Short text fragments from websites:
##############################

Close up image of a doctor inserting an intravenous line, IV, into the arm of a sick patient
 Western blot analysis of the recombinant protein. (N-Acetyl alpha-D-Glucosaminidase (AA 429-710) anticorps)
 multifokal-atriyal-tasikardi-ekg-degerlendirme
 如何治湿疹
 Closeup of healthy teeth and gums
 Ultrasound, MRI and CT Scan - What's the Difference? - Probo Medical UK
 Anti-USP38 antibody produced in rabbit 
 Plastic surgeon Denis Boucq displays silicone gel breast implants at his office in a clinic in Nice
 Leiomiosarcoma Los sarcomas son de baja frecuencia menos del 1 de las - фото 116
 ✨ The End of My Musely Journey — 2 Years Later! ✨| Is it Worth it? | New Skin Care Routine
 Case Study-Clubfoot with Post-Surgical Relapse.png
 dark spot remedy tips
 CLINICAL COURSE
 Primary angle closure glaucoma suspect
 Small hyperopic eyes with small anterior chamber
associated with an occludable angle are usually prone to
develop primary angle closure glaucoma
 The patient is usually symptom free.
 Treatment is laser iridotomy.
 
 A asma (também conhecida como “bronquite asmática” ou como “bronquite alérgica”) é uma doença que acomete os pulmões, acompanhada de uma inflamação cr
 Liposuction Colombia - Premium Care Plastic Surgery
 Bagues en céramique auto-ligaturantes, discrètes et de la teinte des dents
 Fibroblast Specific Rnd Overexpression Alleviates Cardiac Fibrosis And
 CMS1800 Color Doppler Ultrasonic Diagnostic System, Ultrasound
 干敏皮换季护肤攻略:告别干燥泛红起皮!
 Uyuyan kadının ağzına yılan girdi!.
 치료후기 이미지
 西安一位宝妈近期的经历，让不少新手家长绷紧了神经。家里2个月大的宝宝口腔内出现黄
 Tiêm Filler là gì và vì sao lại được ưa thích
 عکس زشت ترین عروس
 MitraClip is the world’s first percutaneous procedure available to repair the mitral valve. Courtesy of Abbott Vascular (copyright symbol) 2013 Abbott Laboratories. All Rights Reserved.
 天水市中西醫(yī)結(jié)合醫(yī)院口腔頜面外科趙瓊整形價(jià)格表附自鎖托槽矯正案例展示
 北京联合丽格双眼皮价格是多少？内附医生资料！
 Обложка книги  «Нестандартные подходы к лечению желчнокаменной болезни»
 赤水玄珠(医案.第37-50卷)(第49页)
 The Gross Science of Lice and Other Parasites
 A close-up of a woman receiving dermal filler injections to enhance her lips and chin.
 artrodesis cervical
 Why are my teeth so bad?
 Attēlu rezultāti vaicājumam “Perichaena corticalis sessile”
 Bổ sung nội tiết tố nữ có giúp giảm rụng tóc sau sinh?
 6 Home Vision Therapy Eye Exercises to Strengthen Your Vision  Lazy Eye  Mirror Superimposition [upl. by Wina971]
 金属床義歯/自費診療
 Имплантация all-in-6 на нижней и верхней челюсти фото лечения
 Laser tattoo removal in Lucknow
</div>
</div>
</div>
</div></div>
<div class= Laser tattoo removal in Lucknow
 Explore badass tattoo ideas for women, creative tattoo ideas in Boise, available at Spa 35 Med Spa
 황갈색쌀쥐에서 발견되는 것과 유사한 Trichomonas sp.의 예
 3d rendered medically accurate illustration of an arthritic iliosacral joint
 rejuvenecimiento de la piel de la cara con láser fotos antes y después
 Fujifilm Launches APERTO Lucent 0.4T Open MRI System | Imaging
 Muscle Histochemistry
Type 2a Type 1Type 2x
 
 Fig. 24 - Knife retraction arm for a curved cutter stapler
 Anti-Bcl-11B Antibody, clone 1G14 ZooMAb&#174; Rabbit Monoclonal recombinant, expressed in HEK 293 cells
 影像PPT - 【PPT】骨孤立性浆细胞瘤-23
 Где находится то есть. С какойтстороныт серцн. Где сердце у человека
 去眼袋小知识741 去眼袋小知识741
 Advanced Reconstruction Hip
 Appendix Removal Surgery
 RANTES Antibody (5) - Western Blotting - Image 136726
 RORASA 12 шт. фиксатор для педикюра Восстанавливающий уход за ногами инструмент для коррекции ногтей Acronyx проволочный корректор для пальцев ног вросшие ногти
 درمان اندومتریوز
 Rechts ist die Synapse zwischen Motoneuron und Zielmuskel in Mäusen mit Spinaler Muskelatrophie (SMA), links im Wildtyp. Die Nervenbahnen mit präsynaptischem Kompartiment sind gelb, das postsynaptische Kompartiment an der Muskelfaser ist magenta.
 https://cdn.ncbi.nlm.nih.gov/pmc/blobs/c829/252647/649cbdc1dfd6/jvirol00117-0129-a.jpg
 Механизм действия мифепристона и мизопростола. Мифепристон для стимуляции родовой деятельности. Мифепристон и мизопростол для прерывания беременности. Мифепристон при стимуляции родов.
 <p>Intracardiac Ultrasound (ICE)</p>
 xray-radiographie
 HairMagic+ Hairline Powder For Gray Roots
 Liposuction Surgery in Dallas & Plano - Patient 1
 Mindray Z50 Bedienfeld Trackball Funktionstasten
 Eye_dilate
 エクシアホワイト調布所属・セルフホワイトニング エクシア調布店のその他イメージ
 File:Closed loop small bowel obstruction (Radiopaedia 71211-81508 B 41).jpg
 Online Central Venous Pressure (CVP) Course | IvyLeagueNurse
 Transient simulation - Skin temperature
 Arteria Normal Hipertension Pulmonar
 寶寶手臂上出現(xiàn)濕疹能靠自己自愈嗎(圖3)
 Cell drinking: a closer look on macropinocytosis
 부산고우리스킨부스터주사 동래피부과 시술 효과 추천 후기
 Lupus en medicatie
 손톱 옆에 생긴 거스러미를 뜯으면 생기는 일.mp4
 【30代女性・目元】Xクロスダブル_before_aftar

##############################

Exercise requirements: Copy exactly the stretch of data above from the line with "Muscle Histochemistry" through the line with "エクシアホワイト調布所属・セルフホワイトニング エクシア調布店のその他イメージ", and omit all other lines.

Written answer:
 Muscle Histochemistry
Type 2a Type 1Type 2x
 
 Fig. 24 - Knife retraction arm for a curved cutter stapler
 Anti-Bcl-11B Antibody, clone 1G14 ZooMAb&#174; Rabbit Monoclonal recombinant, expressed in HEK 293 cells
 影像PPT - 【PPT】骨孤立性浆细胞瘤-23
 Где находится то есть. С какойтстороныт серцн. Где сердце у человека
 去眼袋小知识741 去眼袋小知识741
 Advanced Reconstruction Hip
 Appendix Removal Surgery
 RANTES Antibody (5) - Western Blotting - Image 136726
 RORASA 12 шт. фиксатор для педикюра Восстанавливающий уход за ногами инструмент для коррекции ногтей Acronyx проволочный корректор для пальцев ног вросшие ногти
 درمان اندومتریوز
 Rechts ist die Synapse zwischen Motoneuron und Zielmuskel in Mäusen mit Spinaler Muskelatrophie (SMA), links im Wildtyp. Die Nervenbahnen mit präsynaptischem Kompartiment sind gelb, das postsynaptische Kompartiment an der Muskelfaser ist magenta.
 https://cdn.ncbi.nlm.nih.gov/pmc/blobs/c829/252647/649cbdc1dfd6/jvirol00117-0129-a.jpg
 Механизм действия мифепристона и мизопростола. Мифепристон для стимуляции родовой деятельности. Мифепристон и мизопростол для прерывания беременности. Мифепристон при стимуляции родов.
 <p>Intracardiac Ultrasound (ICE)</p>
 xray-radiographie
 HairMagic+ Hairline Powder For Gray Roots
 Liposuction Surgery in Dallas & Plano - Patient 1
 Mindray Z50 Bedienfeld Trackball Funktionstasten
 Eye_dilate
 エクシアホワイト調布所属・セルフホワイトニング エクシア調布店のその他イメージ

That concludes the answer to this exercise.